Carolina Crespo led a join-effort between three CEDOC groups to publish in Frontier in Cell and Developmental Biology.
Authors from left to right: Carolina Crespo, Nuno Silva, Catarina Gonçalves, António Jacinto, Otília Vieira, Diogo Carregosa, Cláudia Nunes dos Santos
Nuno Silva, Diogo Carregosa and Catarina Gonçalves are all authors in a work that took place in Antonio Jacinto, Otília Oliveira and Cláudia Nunes Santos lab. The authors described a new innovative assay that can be used for drug discovery in Inflammatory Bowel Diseases (IBD), by using zebrafish as a model to impose a cholesterol diet that can help characterize the potential drug effect on intestinal inflamation diseases. The article is named "A Dietary Cholesterol-Based Intestinal Inflammation Assay for Improving Drug-Discovery on Inflammatory Bowel Diseases" and can be found here.
What discoveries led you to the research described in your publication?

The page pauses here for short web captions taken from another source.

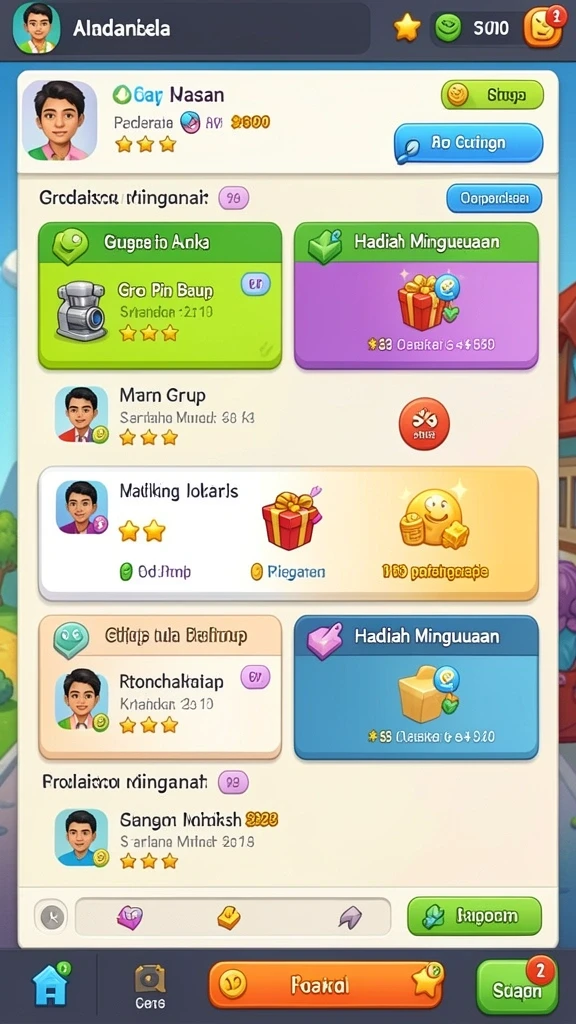 Pengguna dapat berinteraksi dengan pemain lain.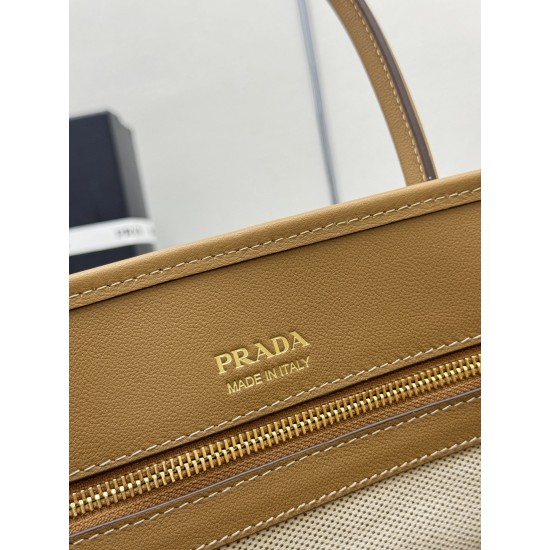 F590 new linen tote bag 1BG572 this bag combines cowhide and linen blended fabrics versatile fashion and lightweight texture molded Oversize silhouette skillfully interpreted duality functional and practical design exquisite exquisite detail highlights th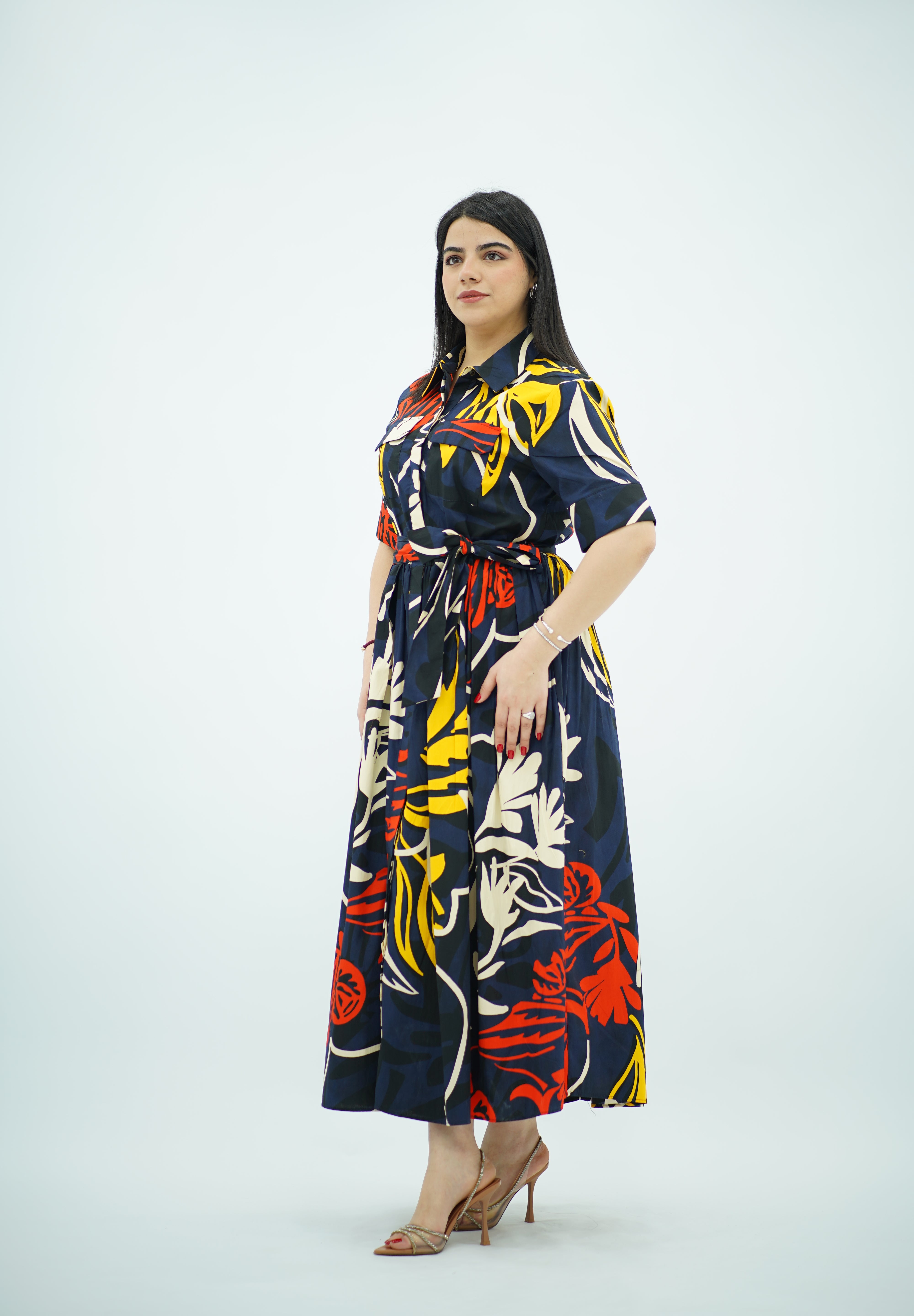 Robe En Popeline - Imprimée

Inflammatory bowel diseases (IBD) are chronic inflammatory disorders of the gastrointestinal tract that affect almost 7 million people globally and are largely incurable. The therapeutic targeting of IBD has been hampered by the complex nature of the disease, with cholesterol-enriched diets often playing a critical role. In fact, none of the present medications for IBD are curative or free from having significant side effects. Hence, there is an inevitable need to develop new therapeutic and nutraceutical approaches for the disease.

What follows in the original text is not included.